A friend of mine lives in one of Philadelphia’s comfortable suburbs. She and her husband are both attorneys. Both hold Ivy League degrees. Their community is nearly 90 percent white, rich in Quaker history, above average in education and income, and low in crime. People are friendly. Nights are quiet. Streets are clean and safe. Real estate is well-groomed and priced accordingly. In other words, it’s a town better known for its merit class credentials than its angry bigots.

So she thought it odd when lawn signs recently started popping up in her neighborhood with the slogan “Hate Has No Home Here.” In her view, in her manicured corner of the woods, hate was already homeless, but apparently this was not so. How had it gone unnoticed?

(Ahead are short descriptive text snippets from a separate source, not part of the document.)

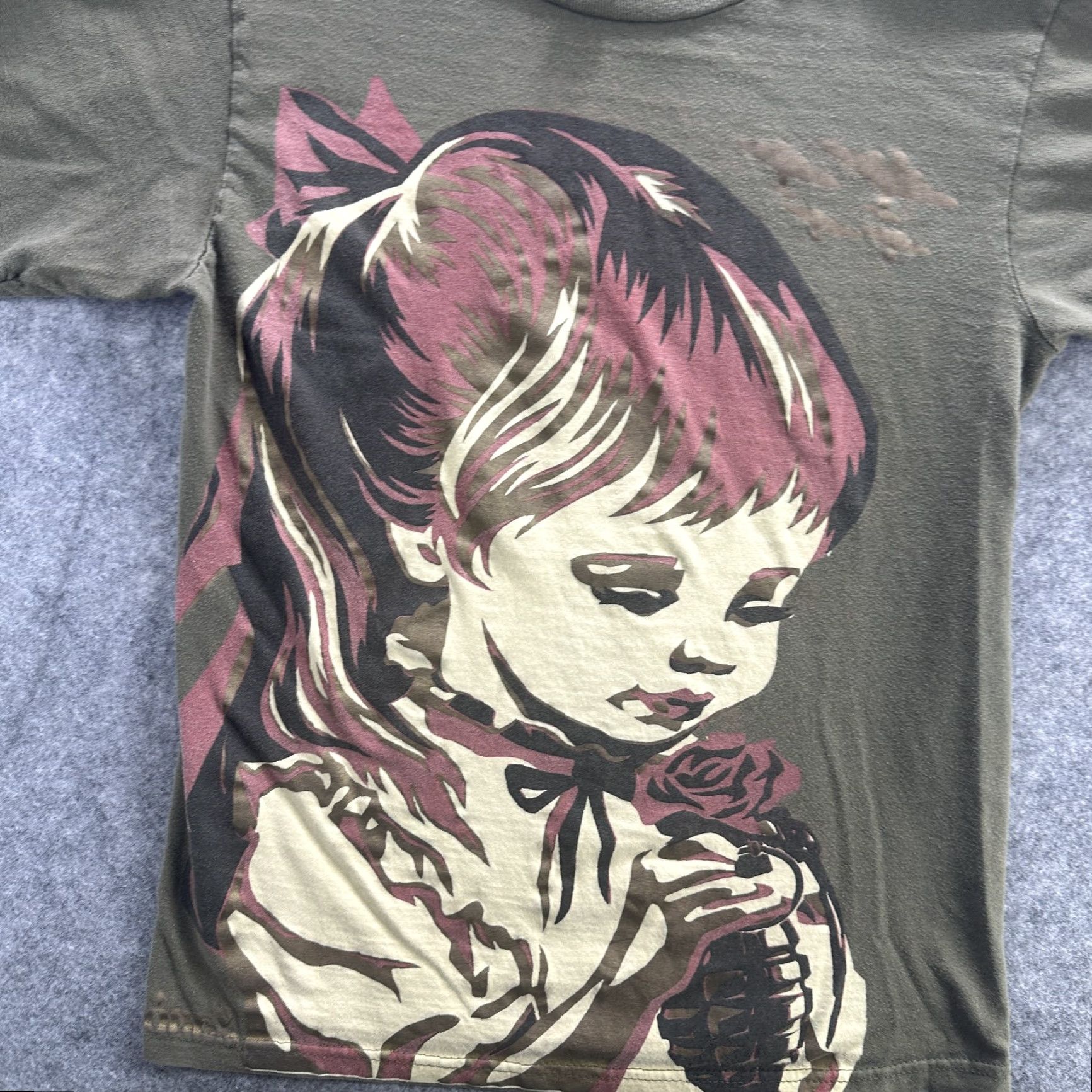 Obey VINTAGE Obey T-Shirt Mens Small Urban Art Graphic Rose Girl Olive Green Made USA Size US S / EU 44-46 / 1 - 3 Thumbnail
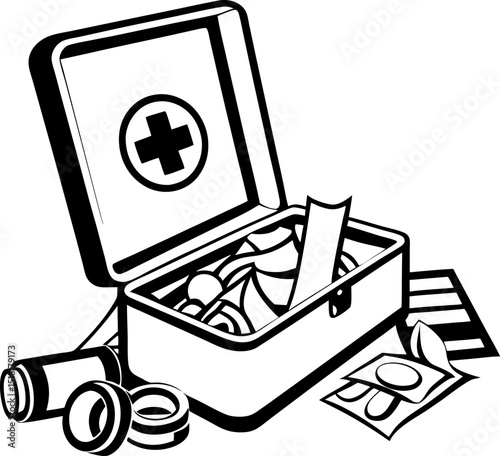 first aid kit open with medical supplies emergency care essentials, healthcare safety concept, monochrome illustration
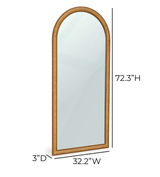 Arch 72" Natural Raffia Contract-Grade Floor Mirror - View 6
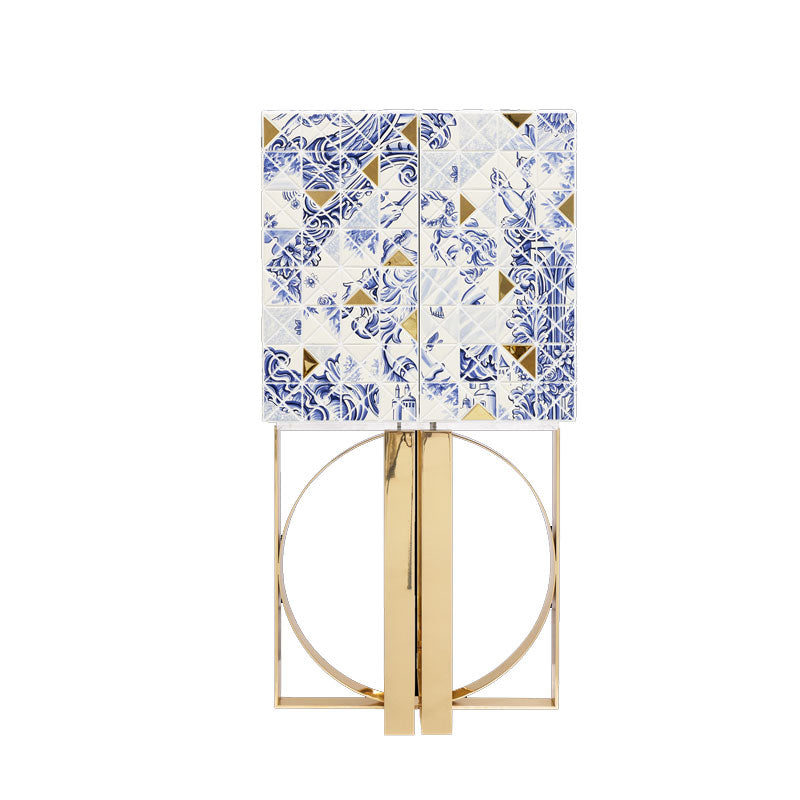 Pixel  Cabinet Luxury Multicolor Mosaic Wine Cabinet - Gold Base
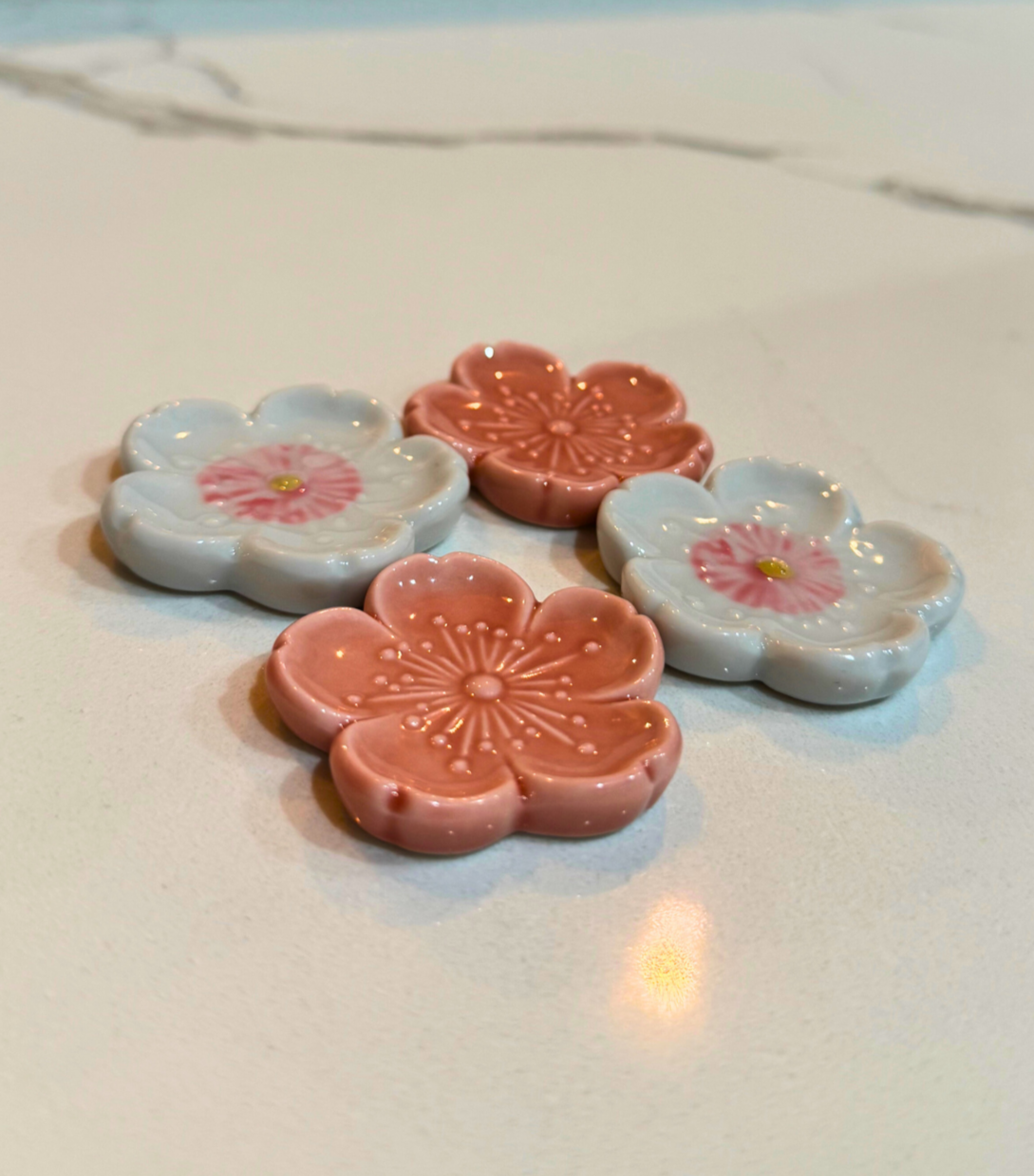 Pink & White Sakura Chopstick Holders- Set of 4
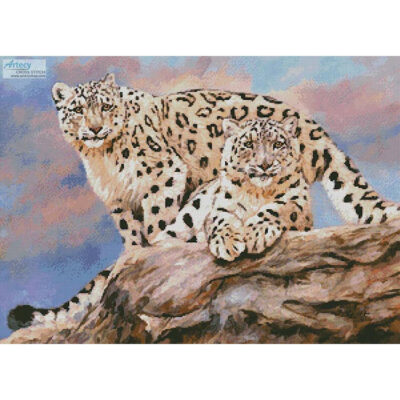 Snow Leopards on a Rock (David Stribbling)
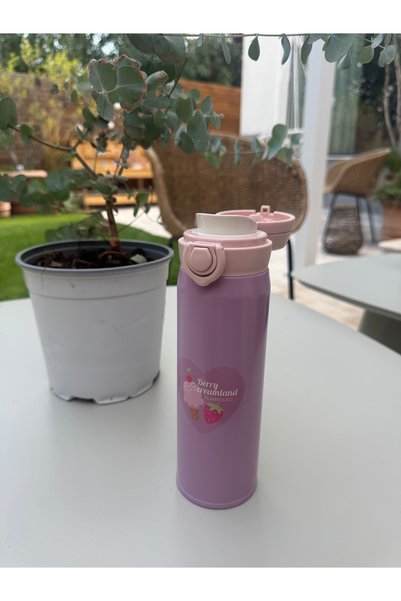 Flamingueo Termos pentru copii, din oțel inoxidabil, 480 ml, cu pai moale și orificiu de băut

With a little digging, she found that “Hate Has No Home Here” is a transplant. It’s part of a campaign begun by Chicago’s Hollywood-North Park Community Association and now spreading nationally. In the words of the campaign’s website, “The Hate Has No Home Here Project promotes just and inclusive communities by encouraging neighbors to declare their homes, schools, businesses, and places of worship to be safe places where everyone is welcome and valued.” Despite the coincidence of its founding in November 2016—the same month as Donald Trump’s election—the campaign is avowedly non-partisan and non-sectarian.

Again, from the website: the lawn signs are “a public declaration that hate speech and hateful actions against others will not be tolerated by the person or organization displaying the sign. In that, it is non-partisan.” The signs are a statement that, “while it is okay to disagree with others civilly regarding issues, it is not okay to intimidate or attack a person or group—verbally or physically—based on attributes such as gender, ethnic origin, religion, race, disability, political party, or sexual orientation.”